PSA Sees No Turnaround in Chinese Sales Soon Amid Dealer WoesBy
French company seeks to improve sales and marketing skills
Carmaker raises car market forecasts for Europe, Latin America
PSA Group is unlikely to revive its car sales soon in China, the world’s largest automotive market, until the automaker can improve staffing at dealerships, Chief Financial Officer Jean-Baptiste de Chatillon said.
“We need to address and fix some human resources aspects of the question” following a 46 percent plunge in the French manufacturer’s first-quarter deliveries in China and Southeast Asia, de Chatillon told analysts Wednesday on a conference call. “Sales and marketing skills are the main issue,” and the company must “reconstruct relationships with dealers.”
The Paris-based maker of Peugeot, Citroen and DS cars operates in China through manufacturing joint ventures with local partners Dongfeng Motor Corp., one of PSA’s main investors, and Chongqing Changan Automobile.

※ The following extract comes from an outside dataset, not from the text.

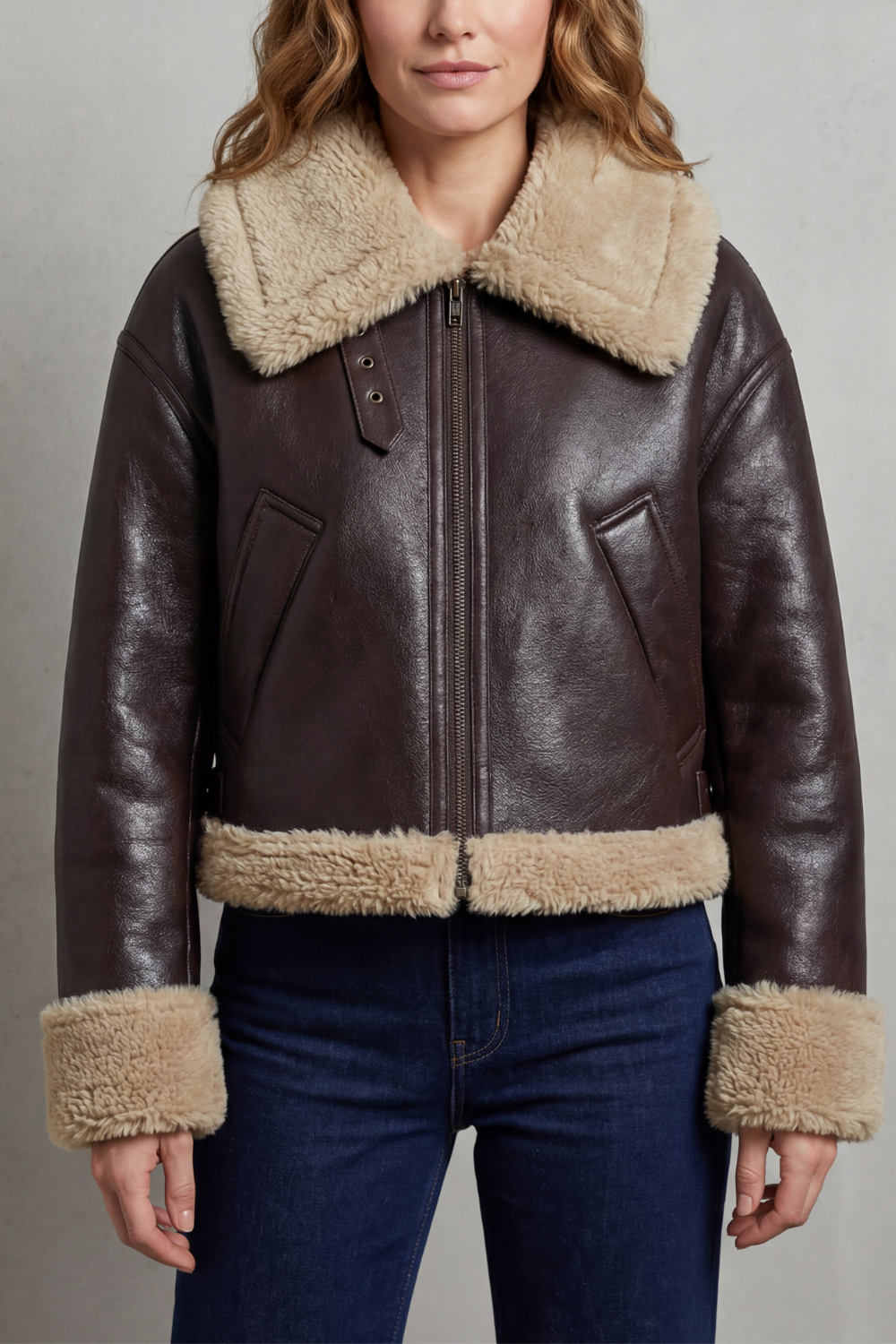 Iris – Reversible Fleece Aviator Jacket - 1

It’s adding sport utility vehicles in an effort to revive flagging demand as customers shift from sedans. The drop in its Chinese sales, along with unchanged sales in Europe, held back PSA’s worldwide delivery growth to 4.2 percent in the first quarter.
“Performance over the first quarter is not so impressive as it does not imply real market share gain, despite sales recovery in Iran,” while the delivery plunge in China was “quite alarming,” Xavier Caroen, an analyst at Bryan Garnier & Co., wrote in a report.
PSA shares fell 1.5 percent to 18.66 euros as of 10:30 a.m. in Paris. That narrowed the stock’s gain this year to 20 percent, valuing the carmaker at 16.4 billion euros ($18 billion).
First-quarter revenue rose 4.9 percent to 13.6 billion euros, including a 2.5 percent gain at the automotive unit and a 9.4 percent jump at the Faurecia parts division, the Paris-based manufacturer said Wednesday in a statement. PSA reiterated a target for automotive operating profit to average more than 4.5 percent of revenue in the 2016-2018 period, and said it expects European and Latin American car markets to grow this year, rather than remaining stable.
PSA has been losing market share in Europe after scaling back discounts to shore up profitability. The French company is buying General Motors Co.’s Opel and Vauxhall brands to gain scale in the region as well as to pool resources for developing battery-powered models. In an effort to reduce dependence on its home market, PSA has returned to Iran and reached an accord in January to build cars in India, in addition to its operations in China.